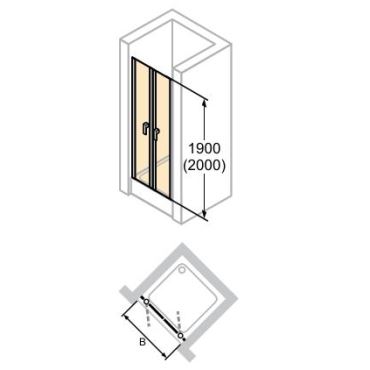 Hüppe Design pure křídl. dveře s pevn. segm. pro walk-in  mm, (2)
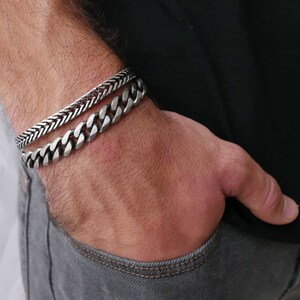 Men&#39;s Chain Bracelet Set, Men&#39;s Silver Bracelet, Men&#39;s Cuff Bracelet, Men Gift, Present For Men, Husband Gift, Boyfriend Gift, Men&#39;s Jewelry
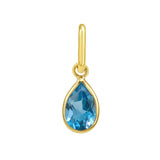 14K Pear Blue Topaz Charm
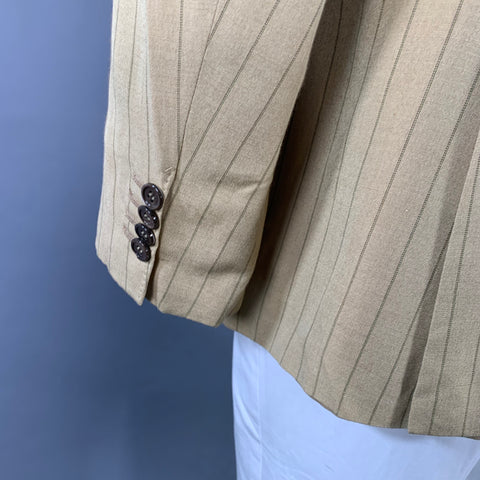 PRADA Size 44 Regular Tan Brown Pinstripe Viscose Linen Sport Coat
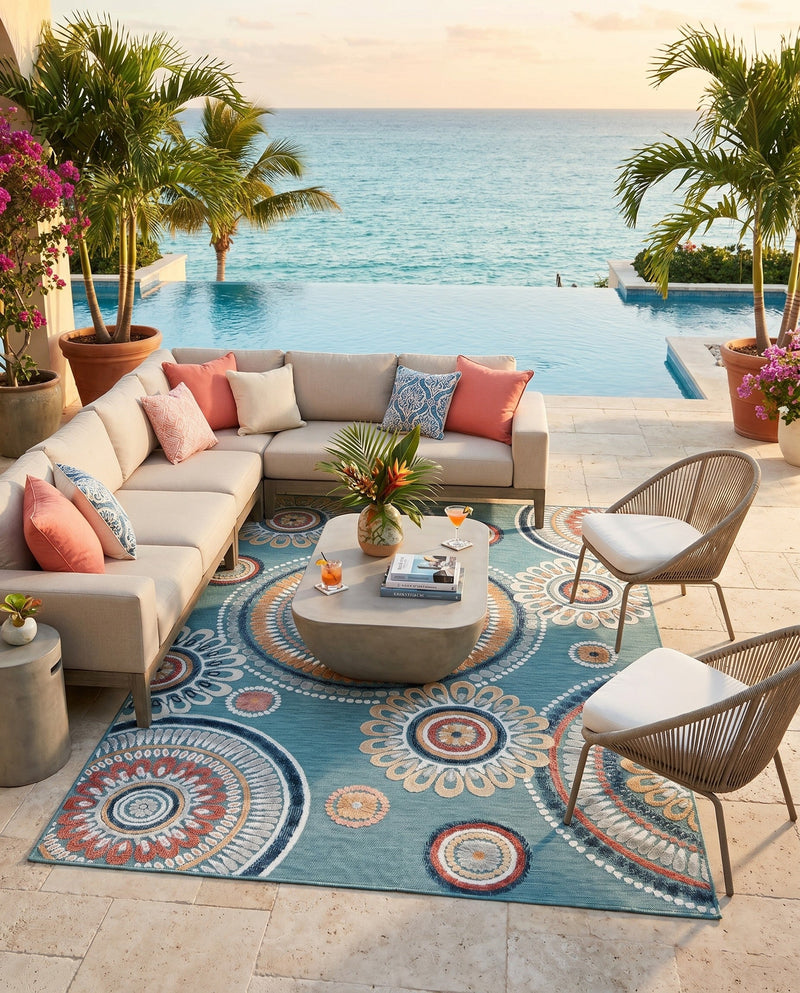 Seaside Blooms Collection Area Rug -  Eden Rectangle Light Blue  lifestyle 41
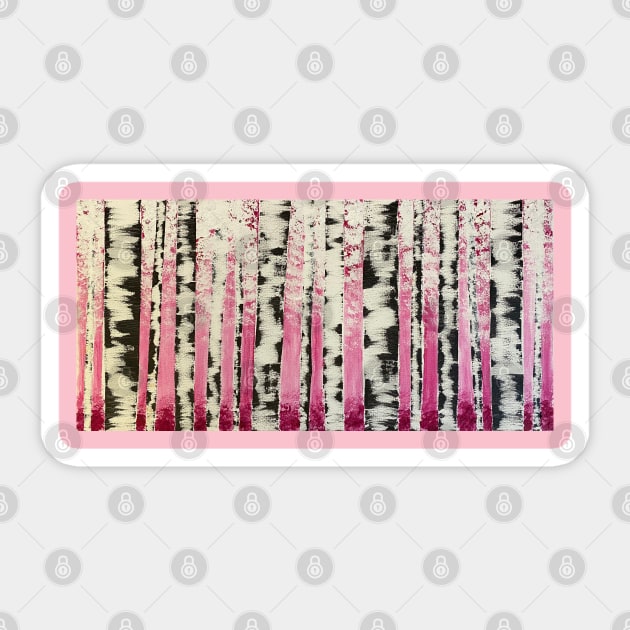 Black and White Birch Trees on Pink and Magenta Background Sticker by J&S mason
========================================================================
* [Task requirements] Nothing but the lines from the one holding "Seaside Blooms Collection" through the final line of the records above belongs in the answer, each retyped exactly; omit the pictures.

* [Response to the task]
 Seaside Blooms Collection Area Rug -  Eden Rectangle Light Blue  lifestyle 41
 Black and White Birch Trees on Pink and Magenta Background Sticker by J&S mason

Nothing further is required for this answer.